MOSCOW (Sputnik) – The discovery of 129 bodies in scores of secret graves in southwest Mexico highlights the scope of forced disappearances that plagues the country, an international watchdog said in a press release.
Mexico’s attorney general’s office disclosed in a freedom of information request on Sunday that a search for 43 missing students in the state of Guerrero had turned up 129 bodies buried in 60 unmarked graves.
"This latest macabre revelation confirms what we had already found: the sheer magnitude of the crisis of enforced disappearances in Guerrero and elsewhere in Mexico is truly shocking," Amnesty International Americas Director Erika Guevara-Rosas said Monday.
None of the 129 uncovered bodies appeared to be connected to the 43 Ayotzinapa students, feared to have been slaughtered by a gang.

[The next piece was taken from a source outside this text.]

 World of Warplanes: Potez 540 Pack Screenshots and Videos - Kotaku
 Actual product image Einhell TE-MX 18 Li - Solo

The students were last seen being forced into police vans after officers opened fire at the students, who had been protesting against Guererro’s discriminatory hiring and funding practices, killing six.
The Mexican government blamed the abduction and murders on local drug cartels. However, there is evidence that the local police and army were complicit in the kidnappings.

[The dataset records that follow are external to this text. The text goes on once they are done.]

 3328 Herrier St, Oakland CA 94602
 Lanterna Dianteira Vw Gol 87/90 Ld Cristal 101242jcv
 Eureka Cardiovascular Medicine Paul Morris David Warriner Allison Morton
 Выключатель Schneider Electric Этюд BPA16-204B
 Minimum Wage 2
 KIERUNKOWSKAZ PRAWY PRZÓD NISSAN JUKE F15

"If it weren’t for the persistent determination of the families of the Ayotzinapa students, as well as human rights defenders and journalists… we might never even have known about these mass graves and the dimensions of the crisis," Guevara-Rosas stressed.
In early November, 2014 the former mayor of Iguala and his wife were arrested in Mexico City on charges of masterminding the abductions. The former Iguala police chief, wanted on suspicion of involvement in the atrocity, remains at large.